Казначей склонился перед своим повелителем. Я велел позвать силача, и, пока остальные мои слуги распоряжались в гавани, приготовляя к отплытию самый большой корабль, мы пошли следом за казначеем в сокровищницу. Здесь мой силач сложил в один тюк все, что там находилось, — решительно все — и, обвязав этот необъятных размеров тюк пеньковой веревкой, взвалил его себе на плечи. Мы поспешно направились к гавани, а тем временем казначей побежал к султану и с отчаянием рассказал ему, что мой слуга утащил всю наличность казначейства!.. Султан нашел, что это чересчур неудачная шутка, и весьма пожалел о своем необдуманном обещании… Он никак не воображал, что такое возможно!.. Главному адмиралу был отдан приказ немедленно снарядить весь флот и без промедления послать его вдогонку за моим кораблем, крепким генуэзским судном… За ночь мы давно уже прошли пролив Дарданеллы и большую часть Эгейского моря. На следующее утро мы шли между берегом Греции и островом Крит и находились уже в Средиземном море, когда показались многочисленные паруса преследующего нас турецкого флота. Это вызвало в нас некоторую тревогу за благополучный выход из столь затруднительного положения.
Тут ко мне подошел мой ветрила и принялся утешать меня:
— Не пугайтесь, ваше превосходительство! Мы сейчас отбросим их туда, откуда они явились!
С этими словами он встал на палубе корабля, около штурвала, таким образом, что его правая ноздря была обращена к туркам, а левая — к нашему парусу. И вдруг навстречу гнавшимся за нами кораблям задул такой ураган, что их мачты, паруса и снасти затрещали, а их самих разбросало в разные стороны и откинуло далеко назад, в то же время наш корабль с неисчислимыми сокровищами в несколько часов добежал до Италии. А как на мне оправдалась пословица: «Что легко наживается, то легко и проживается», — об этом я расскажу вам в следующий раз.
В Италии барон Мюнхгаузен остается без своих турецких сокровищ, кроме исторической драгоценности — пращи Давида, которой отец барона выбил однажды морскому коньку оба глаза. Быстрый пробег на этом коньке через Дуврский пролив в Кале. Мюнхгаузен бросает в море триста двадцать шесть пушек и сжигает лафеты. Последняя служба пращи. Мюнхгаузена выстреливают во время сна из пушки в стог сена, и он просыпается там лишь через три месяца.

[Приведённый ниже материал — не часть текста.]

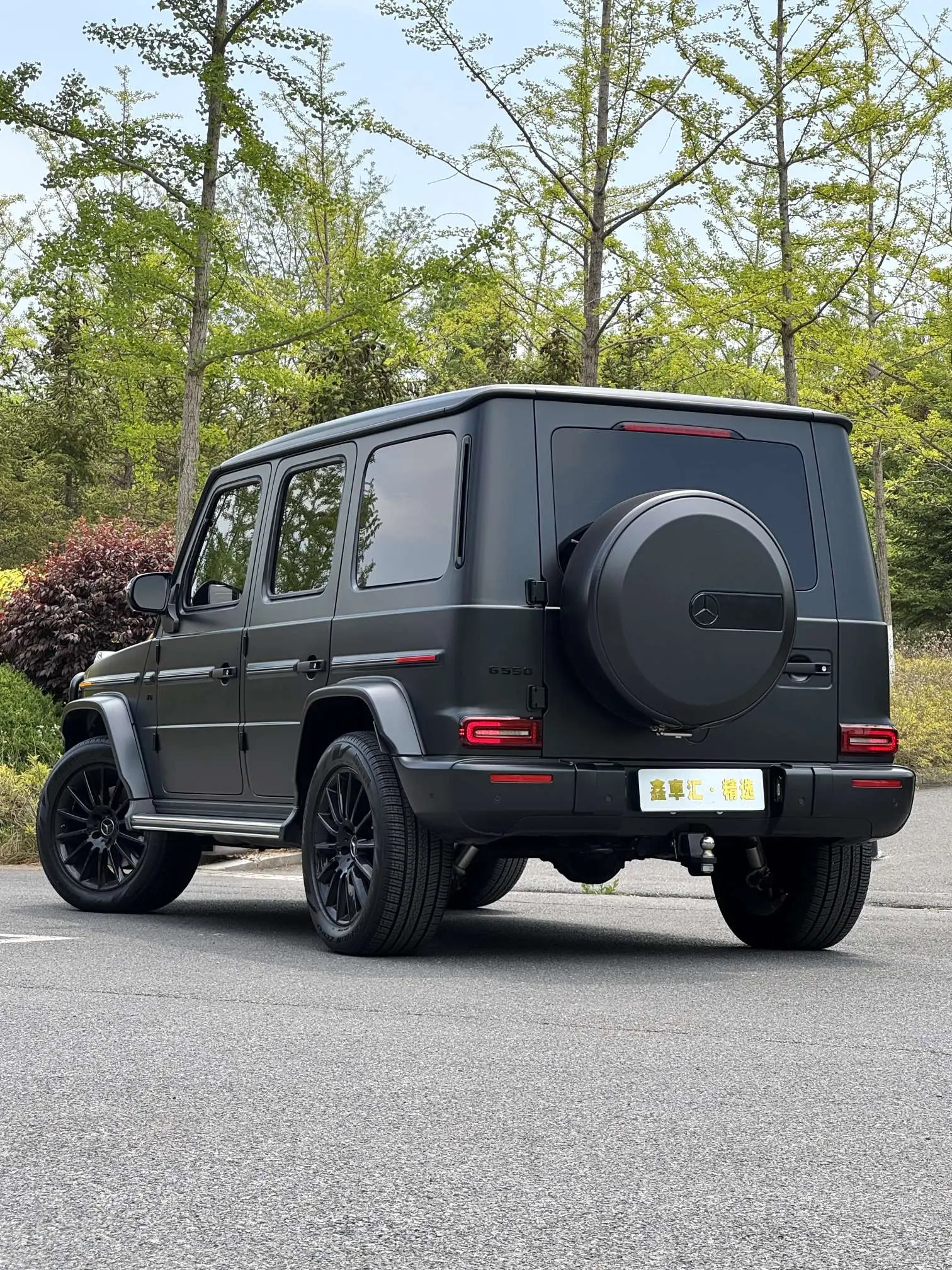Mercedes-Benz Mercedes Benz G Class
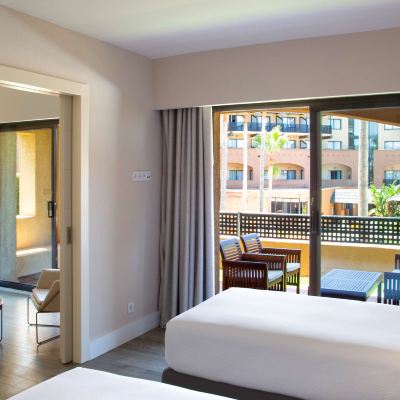 Two Bedrooms King Suite DoubleTree by Hilton Islantilla Beach Golf Resort Promo Code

— В последний вечер я рассказал вам, как я бежал с турецкой казной в Италию. Прибыв в Бриндизи, я оказался, самым богатым человеком в Европе; но всевозможные плуты и обманщики постарались в несколько недель освободить меня от части моего состояния, а остальное отняли у меня разбойники, в буквальном смысле слова раздевшие в Абруцци до рубашки и меня, и всех моих спутников. К счастью, в шерстяной фуфайке, которую я носил на голом теле, был потайной карман, а в нем спрятана пригоршня драгоценных камней и жемчуга. Алчные глаза бандитов проглядели их во время грабежа, а один римский ювелир дал мне за них несколько сотен тысяч золотых монет. Это все еще довольно крупное состояние я разделил между пятью моими слугами — стрелком, острослухом и прочими, отпустив их со службы на все четыре стороны. Себе я оставил лишь небольшую сумму на путевые расходы, желая посетить теперь же в Гибралтаре моего старого друга, генерала Эллиота.